Humanities 3302: Faith and Reason
COURSES
TOPIC: The Making of European Thought and Culture
Instructor: Elisabeth Sommer
This course is designed to give you an overview of the Humanities as they shaped and were shaped by developments in Western Europe from the Middle Ages through the Reformation (c. 600-1600). To accomplish this somewhat monumental task, we will focus on “spotlight” readings in literature, philosophy, and religion, as well as exploring art and music as it relates to the course themes.
TOPIC: Medieval and Renaissance Thought
Instructor: Dr. Gary kieffner
HUMN 3302 surveys the art, philosophy, and history that inform the social, political and religious institutions of World Culture from the centuries prior to the Common Era to approximately 1600 CE. The survey examines the arts of the era, relating them to political and social-historical contexts.

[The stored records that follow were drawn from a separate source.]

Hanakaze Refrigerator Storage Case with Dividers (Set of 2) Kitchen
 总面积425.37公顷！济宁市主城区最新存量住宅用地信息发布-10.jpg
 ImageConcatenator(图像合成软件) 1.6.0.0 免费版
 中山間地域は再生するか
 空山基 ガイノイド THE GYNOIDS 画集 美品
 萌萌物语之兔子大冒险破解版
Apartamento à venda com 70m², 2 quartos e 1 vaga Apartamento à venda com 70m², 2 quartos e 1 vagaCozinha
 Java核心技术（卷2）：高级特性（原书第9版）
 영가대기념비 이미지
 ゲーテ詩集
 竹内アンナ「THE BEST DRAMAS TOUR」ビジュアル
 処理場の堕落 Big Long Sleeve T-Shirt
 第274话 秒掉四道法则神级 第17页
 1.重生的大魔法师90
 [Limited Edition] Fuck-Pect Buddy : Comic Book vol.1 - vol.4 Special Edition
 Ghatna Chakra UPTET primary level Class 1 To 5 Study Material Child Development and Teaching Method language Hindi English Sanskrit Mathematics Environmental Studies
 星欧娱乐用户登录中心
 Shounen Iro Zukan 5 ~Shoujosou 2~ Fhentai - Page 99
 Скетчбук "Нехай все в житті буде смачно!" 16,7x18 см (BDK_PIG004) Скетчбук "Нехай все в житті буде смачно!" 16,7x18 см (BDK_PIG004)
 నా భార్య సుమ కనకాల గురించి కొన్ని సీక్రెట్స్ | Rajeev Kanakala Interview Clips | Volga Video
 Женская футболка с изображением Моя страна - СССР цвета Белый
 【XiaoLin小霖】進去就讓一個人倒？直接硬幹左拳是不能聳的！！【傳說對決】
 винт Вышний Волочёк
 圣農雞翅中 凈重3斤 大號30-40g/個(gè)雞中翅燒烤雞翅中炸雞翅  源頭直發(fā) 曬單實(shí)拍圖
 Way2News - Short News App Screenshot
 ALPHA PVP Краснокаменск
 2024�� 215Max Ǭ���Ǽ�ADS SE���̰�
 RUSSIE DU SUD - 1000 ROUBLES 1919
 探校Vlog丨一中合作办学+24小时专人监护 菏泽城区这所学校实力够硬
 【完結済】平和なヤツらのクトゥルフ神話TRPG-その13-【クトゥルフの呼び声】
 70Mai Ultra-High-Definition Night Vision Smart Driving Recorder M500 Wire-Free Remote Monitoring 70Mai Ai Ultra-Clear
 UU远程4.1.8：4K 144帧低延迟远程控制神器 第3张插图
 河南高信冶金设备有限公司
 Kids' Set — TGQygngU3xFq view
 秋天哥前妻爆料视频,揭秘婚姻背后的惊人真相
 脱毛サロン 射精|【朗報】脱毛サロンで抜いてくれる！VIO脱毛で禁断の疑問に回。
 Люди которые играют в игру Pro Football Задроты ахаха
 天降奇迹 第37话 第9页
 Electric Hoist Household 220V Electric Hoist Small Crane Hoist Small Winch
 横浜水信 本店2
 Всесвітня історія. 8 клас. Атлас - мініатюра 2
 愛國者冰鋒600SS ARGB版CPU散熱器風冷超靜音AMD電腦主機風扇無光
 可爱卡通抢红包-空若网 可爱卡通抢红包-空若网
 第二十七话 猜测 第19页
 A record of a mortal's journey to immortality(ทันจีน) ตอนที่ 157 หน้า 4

“World culture” is a broad label referring to vast and diverse historical periods, geographies, human societies, language groups, political and economic systems. This section of Humanities 3302 aids in the development of an understanding of ancient, Medieval European and early Renaissance religious belief, philosophy, literature, architecture, music and arts that have shaped contemporary European history and today’s World Culture. While drawing such regional and global interconnections, our foci shall particularly include: creation of the New Testament canon and western Christianity, intellectual tension between faith and reason in the medieval and Renaissance eras, persistence and transformation of the myth of “Rome,” development of Islamic culture in Iberia, the crusading impulse, the medieval aesthetic in art and architecture in relation to medieval philosophy, technology and world views, civic humanism and transitions from medieval to Renaissance mentalities, Renaissance arts, social constructs and anomalies, the ideals of chivalry and western romantic courtship, protestant reformation, and the results of experiences in the Americas for both Europe and the western hemisphere. We shall engage in discussion and application of key topics as we develop a more complete understanding of World Culture.